Главной идеей петиции было созыв «народного представительства» (то есть парламента) на основе всеобщего, тайного и равного голосования, что тогда было распространенной в мире идеей. Также выдвигались требования свободы и неприкосновенность личности, свободы слова, печати, собраний, свободы совести (это священник ведь писал!), народного бесплатного образования, равенства всех перед законом, ответственности министров перед народом, гарантии законности правления. А также замена косвенных налогов прямым прогрессивным подоходным налогом (тоже идея, широко ходившая по Европе и по поводу которой в конце ХIХ века в США развязалась нешуточная политическая борьба), введение 8-часового рабочего дня, амнистия политических заключенных, отделение церкви от государства.
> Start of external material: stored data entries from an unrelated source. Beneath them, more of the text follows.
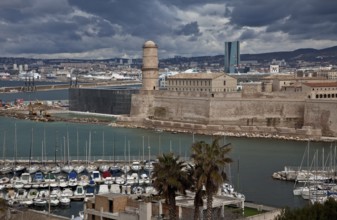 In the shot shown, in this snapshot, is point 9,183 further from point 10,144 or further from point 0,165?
point 10,144

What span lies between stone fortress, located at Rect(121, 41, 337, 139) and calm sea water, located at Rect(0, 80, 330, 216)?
2.23 meters

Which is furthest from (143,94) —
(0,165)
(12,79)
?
(12,79)

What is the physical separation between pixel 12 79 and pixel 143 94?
131763mm

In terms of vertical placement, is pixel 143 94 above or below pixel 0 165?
above

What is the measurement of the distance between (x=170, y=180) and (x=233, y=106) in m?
28.6

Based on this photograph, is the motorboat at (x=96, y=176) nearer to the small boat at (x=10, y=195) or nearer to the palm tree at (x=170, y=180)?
the small boat at (x=10, y=195)

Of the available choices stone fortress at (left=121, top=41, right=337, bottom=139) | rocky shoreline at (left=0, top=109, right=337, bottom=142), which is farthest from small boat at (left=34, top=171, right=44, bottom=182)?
stone fortress at (left=121, top=41, right=337, bottom=139)

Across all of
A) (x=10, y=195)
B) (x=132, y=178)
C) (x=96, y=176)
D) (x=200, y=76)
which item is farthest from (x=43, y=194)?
(x=200, y=76)

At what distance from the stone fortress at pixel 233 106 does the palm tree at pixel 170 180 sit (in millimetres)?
23685

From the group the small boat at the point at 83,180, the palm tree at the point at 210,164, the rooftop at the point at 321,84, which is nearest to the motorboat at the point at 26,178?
the small boat at the point at 83,180

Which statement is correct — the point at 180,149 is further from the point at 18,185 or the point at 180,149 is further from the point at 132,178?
the point at 18,185

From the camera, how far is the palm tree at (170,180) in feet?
34.2

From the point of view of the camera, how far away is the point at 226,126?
36875mm

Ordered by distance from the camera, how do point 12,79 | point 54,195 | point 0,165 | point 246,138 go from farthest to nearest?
point 12,79, point 246,138, point 0,165, point 54,195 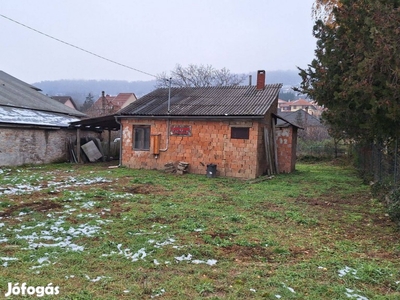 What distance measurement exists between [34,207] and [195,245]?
4.11m

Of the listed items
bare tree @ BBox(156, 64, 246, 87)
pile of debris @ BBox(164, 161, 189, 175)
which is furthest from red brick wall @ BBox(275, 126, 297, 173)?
bare tree @ BBox(156, 64, 246, 87)

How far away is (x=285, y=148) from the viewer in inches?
655

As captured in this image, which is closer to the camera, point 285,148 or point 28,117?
point 285,148

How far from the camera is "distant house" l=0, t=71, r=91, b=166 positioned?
50.8ft

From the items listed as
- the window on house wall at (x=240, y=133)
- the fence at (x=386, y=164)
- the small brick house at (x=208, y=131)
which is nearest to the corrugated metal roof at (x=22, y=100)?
the small brick house at (x=208, y=131)

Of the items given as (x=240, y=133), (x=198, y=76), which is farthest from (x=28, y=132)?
(x=198, y=76)

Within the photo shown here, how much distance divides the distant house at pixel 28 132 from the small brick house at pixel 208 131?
4190 millimetres

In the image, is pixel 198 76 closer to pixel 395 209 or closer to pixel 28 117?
pixel 28 117

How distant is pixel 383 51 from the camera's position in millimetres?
6188

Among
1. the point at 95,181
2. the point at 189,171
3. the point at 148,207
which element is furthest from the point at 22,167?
the point at 148,207

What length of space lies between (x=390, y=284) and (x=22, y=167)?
15785 mm

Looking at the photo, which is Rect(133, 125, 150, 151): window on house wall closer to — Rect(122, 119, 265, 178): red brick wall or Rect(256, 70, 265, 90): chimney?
Rect(122, 119, 265, 178): red brick wall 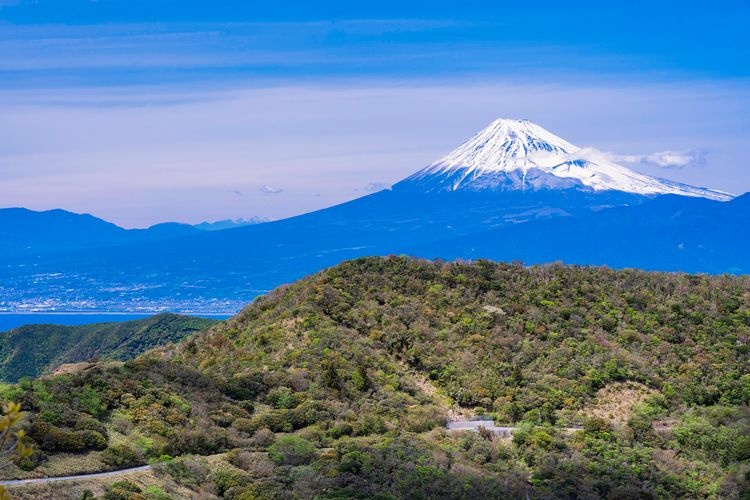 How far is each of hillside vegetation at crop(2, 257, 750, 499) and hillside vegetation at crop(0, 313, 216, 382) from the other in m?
43.3

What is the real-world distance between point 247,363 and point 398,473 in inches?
621

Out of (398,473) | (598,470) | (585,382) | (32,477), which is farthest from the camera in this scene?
(585,382)

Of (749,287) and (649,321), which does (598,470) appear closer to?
(649,321)

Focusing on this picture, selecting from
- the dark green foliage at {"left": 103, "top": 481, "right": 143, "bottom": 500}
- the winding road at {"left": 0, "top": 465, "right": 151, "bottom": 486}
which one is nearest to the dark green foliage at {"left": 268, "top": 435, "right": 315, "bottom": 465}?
the winding road at {"left": 0, "top": 465, "right": 151, "bottom": 486}

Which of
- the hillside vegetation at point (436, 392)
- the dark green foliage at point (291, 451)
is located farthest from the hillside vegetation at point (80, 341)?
the dark green foliage at point (291, 451)

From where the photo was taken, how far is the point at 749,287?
53.0 m

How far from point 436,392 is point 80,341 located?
6743 cm

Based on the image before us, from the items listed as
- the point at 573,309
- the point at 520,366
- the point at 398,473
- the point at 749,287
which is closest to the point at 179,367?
the point at 398,473

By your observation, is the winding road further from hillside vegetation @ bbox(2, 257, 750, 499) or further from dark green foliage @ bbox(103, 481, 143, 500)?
dark green foliage @ bbox(103, 481, 143, 500)

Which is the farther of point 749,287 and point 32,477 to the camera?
point 749,287

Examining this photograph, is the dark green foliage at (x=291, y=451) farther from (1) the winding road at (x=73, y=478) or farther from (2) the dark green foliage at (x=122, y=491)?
(2) the dark green foliage at (x=122, y=491)

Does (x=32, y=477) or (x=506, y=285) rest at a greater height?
(x=506, y=285)

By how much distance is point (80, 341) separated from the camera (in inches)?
4048

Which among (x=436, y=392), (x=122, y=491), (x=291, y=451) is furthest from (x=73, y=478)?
(x=436, y=392) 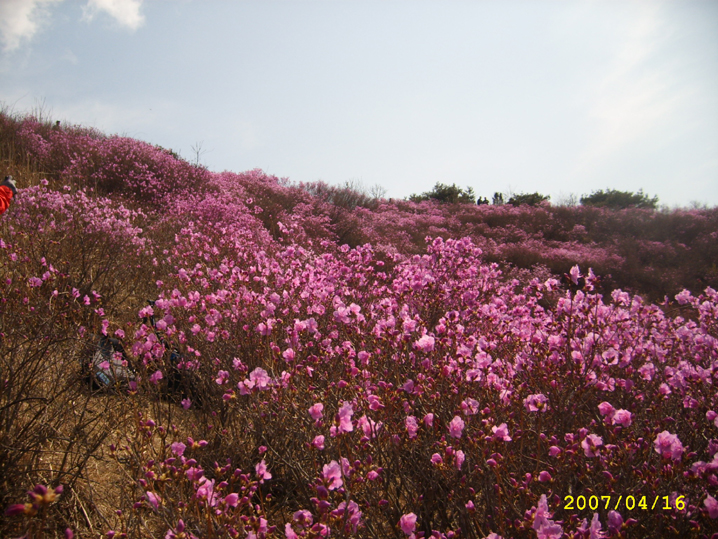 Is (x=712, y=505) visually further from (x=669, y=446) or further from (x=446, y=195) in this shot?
(x=446, y=195)

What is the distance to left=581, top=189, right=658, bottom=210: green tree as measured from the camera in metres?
19.4

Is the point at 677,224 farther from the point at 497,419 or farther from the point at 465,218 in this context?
the point at 497,419

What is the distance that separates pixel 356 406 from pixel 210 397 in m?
1.19

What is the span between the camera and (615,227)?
44.5ft

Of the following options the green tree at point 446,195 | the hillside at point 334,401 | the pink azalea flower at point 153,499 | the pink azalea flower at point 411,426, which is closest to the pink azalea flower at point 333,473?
the hillside at point 334,401

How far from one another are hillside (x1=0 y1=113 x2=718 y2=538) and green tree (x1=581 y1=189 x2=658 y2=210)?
19.9 meters

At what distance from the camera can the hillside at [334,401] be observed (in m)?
1.42

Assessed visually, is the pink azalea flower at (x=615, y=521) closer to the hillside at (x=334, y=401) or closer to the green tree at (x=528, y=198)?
the hillside at (x=334, y=401)

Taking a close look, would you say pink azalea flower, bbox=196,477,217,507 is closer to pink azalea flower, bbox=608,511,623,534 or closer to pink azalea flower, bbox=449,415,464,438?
pink azalea flower, bbox=449,415,464,438

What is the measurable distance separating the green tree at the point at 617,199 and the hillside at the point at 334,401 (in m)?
19.9

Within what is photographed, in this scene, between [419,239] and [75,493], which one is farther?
[419,239]

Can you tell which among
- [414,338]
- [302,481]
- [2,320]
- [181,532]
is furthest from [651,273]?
[2,320] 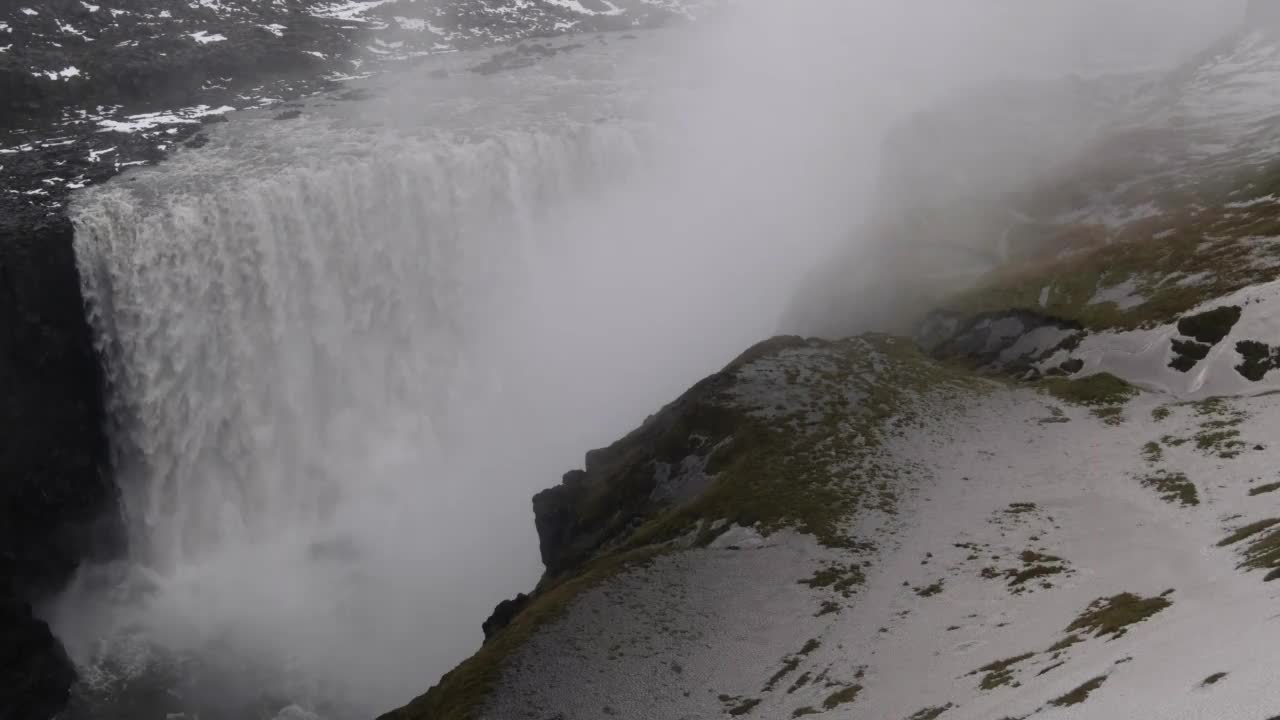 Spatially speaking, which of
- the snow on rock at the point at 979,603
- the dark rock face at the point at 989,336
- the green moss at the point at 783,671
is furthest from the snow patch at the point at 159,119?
Answer: the green moss at the point at 783,671

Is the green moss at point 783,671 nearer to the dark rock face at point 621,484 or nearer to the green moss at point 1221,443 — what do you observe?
the dark rock face at point 621,484

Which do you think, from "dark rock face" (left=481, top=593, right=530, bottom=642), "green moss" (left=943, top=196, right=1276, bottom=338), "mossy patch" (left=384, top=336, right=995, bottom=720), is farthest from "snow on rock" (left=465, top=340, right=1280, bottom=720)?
"green moss" (left=943, top=196, right=1276, bottom=338)

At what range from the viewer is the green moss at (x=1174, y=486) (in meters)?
31.7

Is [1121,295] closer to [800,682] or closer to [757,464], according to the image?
[757,464]

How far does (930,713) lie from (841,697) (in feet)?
11.9

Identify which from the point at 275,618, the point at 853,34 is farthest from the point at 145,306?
the point at 853,34

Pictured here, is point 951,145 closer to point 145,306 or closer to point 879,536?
point 879,536

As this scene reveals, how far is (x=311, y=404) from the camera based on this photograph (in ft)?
203

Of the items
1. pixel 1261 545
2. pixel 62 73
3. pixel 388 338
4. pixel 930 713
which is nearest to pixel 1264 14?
pixel 388 338

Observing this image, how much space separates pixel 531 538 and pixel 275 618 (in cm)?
1732

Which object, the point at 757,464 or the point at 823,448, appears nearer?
the point at 757,464

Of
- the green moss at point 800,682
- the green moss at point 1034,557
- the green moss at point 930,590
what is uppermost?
the green moss at point 1034,557

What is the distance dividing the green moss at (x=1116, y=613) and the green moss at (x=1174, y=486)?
8276mm

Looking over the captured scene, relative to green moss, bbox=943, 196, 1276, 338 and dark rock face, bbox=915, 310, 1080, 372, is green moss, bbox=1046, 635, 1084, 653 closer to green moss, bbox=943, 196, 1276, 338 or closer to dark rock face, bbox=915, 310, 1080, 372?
green moss, bbox=943, 196, 1276, 338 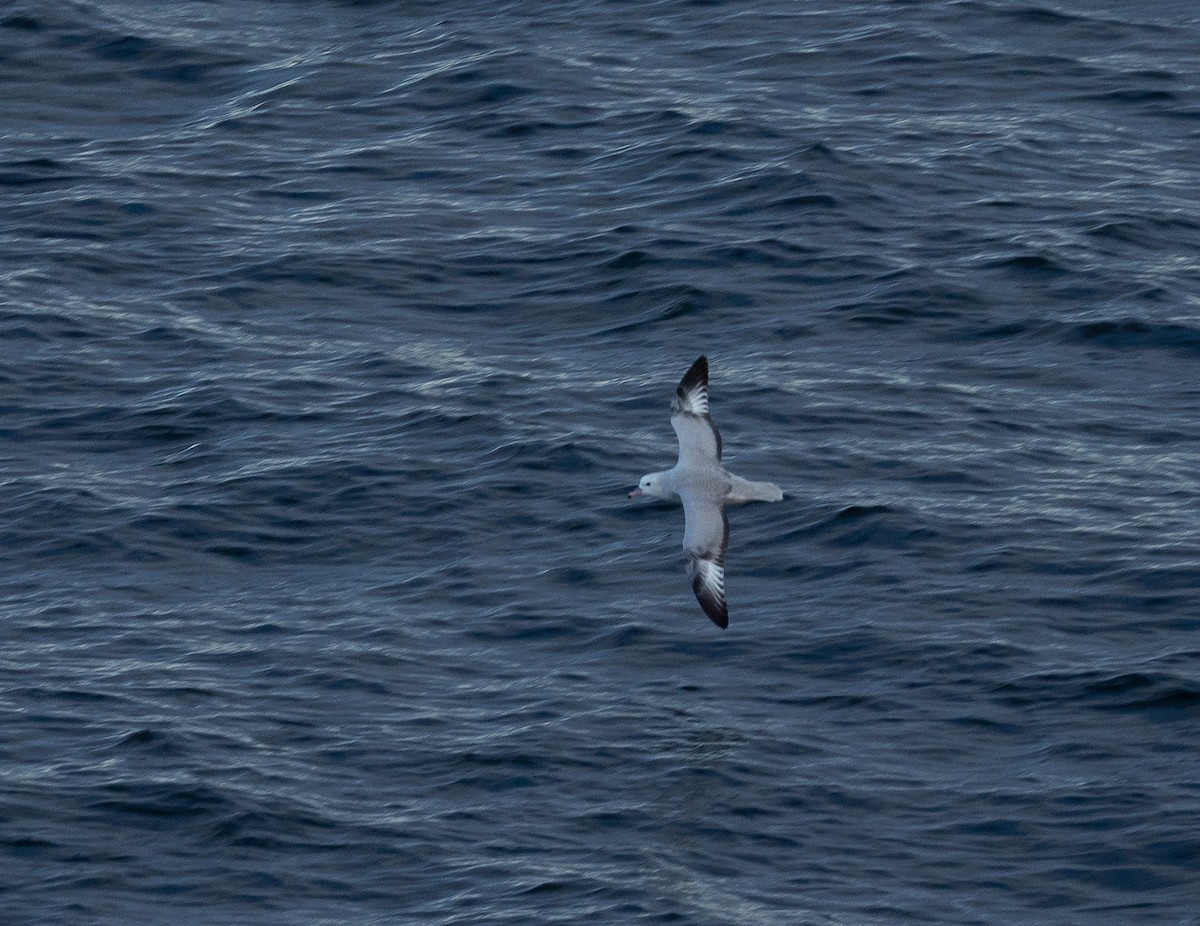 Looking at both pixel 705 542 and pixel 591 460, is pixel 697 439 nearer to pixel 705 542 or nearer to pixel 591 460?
pixel 705 542

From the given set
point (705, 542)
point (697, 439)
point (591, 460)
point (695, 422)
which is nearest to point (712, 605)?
point (705, 542)

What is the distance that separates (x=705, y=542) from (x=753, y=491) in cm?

Список требований, таким образом, куда более продвинутый, чем у РСДРП. В принципе, тот набор и стал затем основой всех требований прогрессивных преобразований, начиная с Первой Думы, созданной уже после царского Манифеста 17 октября 1905 года, и до Февральской революции 1917-го.
Царь не вышел на балкон к народу, а отдал приказ расстрелять шествие. Его далекий предшественник Николай Первый вышел в свое время к участникам безумного «холерного бунта» в Петербурге, и при одном виде царя бунтовщики пали ниц.
Если бы вышел, история России могла пойти по-другому. Надо уметь говорить с народом напрямую. И надо уметь выходить к нему в трудные моменты истории. Хотя бы на балкон.
Однако правящий класс умудрился продемонстрировать поразительную глупую самонадеянность, оторванность от жизни и неспособность меняться в зависимости от реалий времени.
До какого-то момента Гапон казался «послушной марионеткой», агентом спецслужб практически (каковым он не был). Однако очень важно понять, когда, в какой момент тот, кто кажется «полностью подконтрольным», начинает играть собственную игру, выходит из подчинения. Не потому что он «предатель» или много о себе возомнил. А потому, что так решает в какой-то момент распорядиться сама история. Еще хуже бывает, когда в поворотные моменты истории даже вменяемых экс-марионеток под рукой не оказывается, чтобы придать процессу хоть сколь-нибудь организованный характер.
Сам Гапон сначала бежал за границу, чтобы оттуда попытаться организовать вооруженное восстание. Но потом, проникшись идеями царского Манифеста 17 октября (по сути ведь была дарована «конституция»), вернулся, вновь уверовав в то, что преобразовать застойную Россию можно мирными методами. Но он уже был лишний. Его отвергли социал-демократы (хотя поначалу пытались сблизиться). А в 1906 году он был убит на одной из дач под Петербургом. Версии разные, но сходятся на эсерах и приближенных к террористу Савинкову. Всех этих эсеров большевики потом «пощелкают» сами.
Автор выражает личное мнение, которое может не совпадать с позицией редакции.